> _WORK TASK_
The output should hold exactly, and only, the lines from the line bearing "2016 CHEVROLET CRUZE" through the last line of the listing below, and no pictures.

> _SUPPLIED INFORMATION_
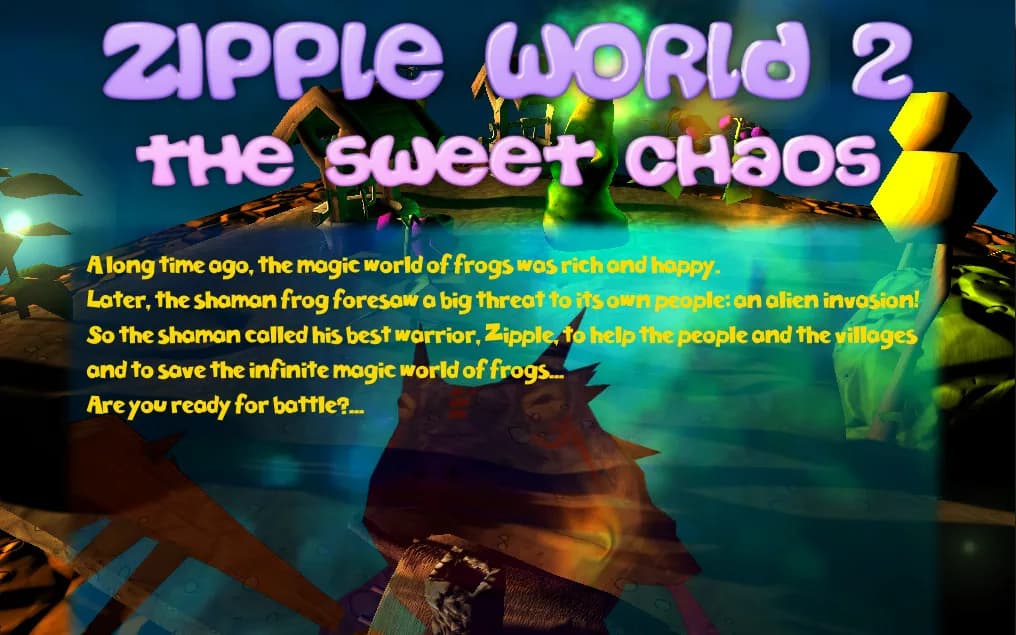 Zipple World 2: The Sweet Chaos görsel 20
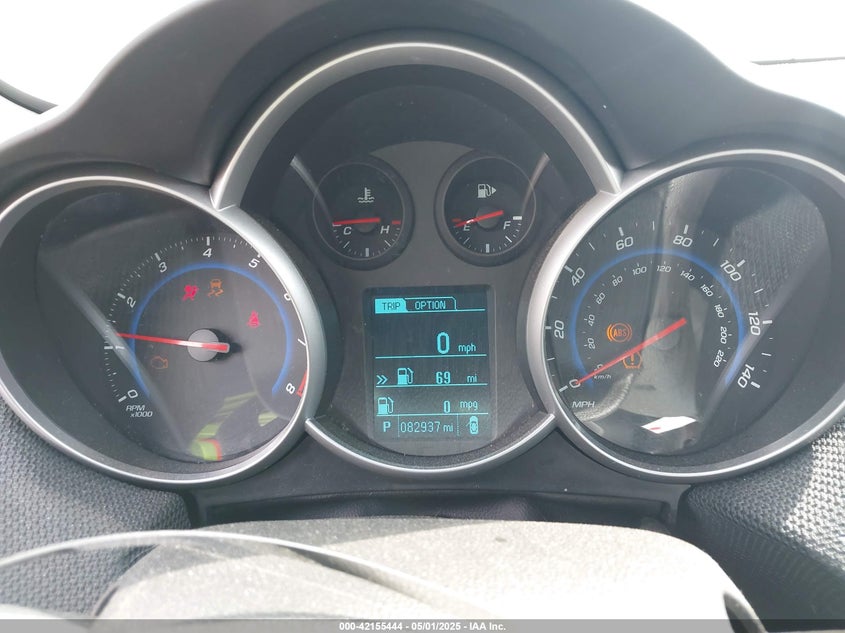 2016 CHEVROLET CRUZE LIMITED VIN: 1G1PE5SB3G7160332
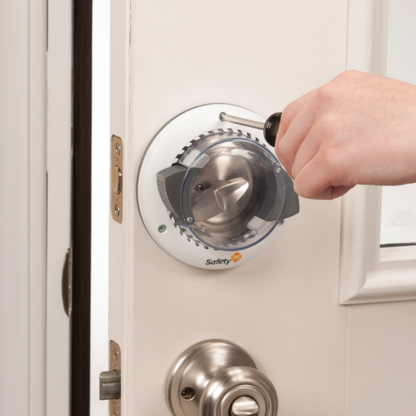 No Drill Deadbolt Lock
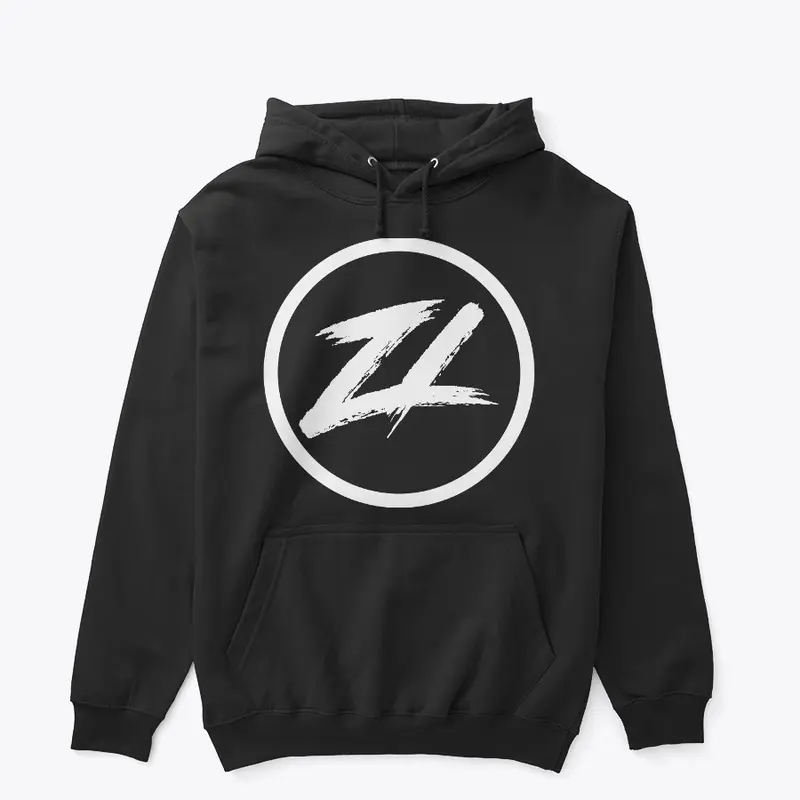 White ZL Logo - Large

> _WRITTEN SOLUTION_
 2016 CHEVROLET CRUZE LIMITED VIN: 1G1PE5SB3G7160332
 No Drill Deadbolt Lock
 White ZL Logo - Large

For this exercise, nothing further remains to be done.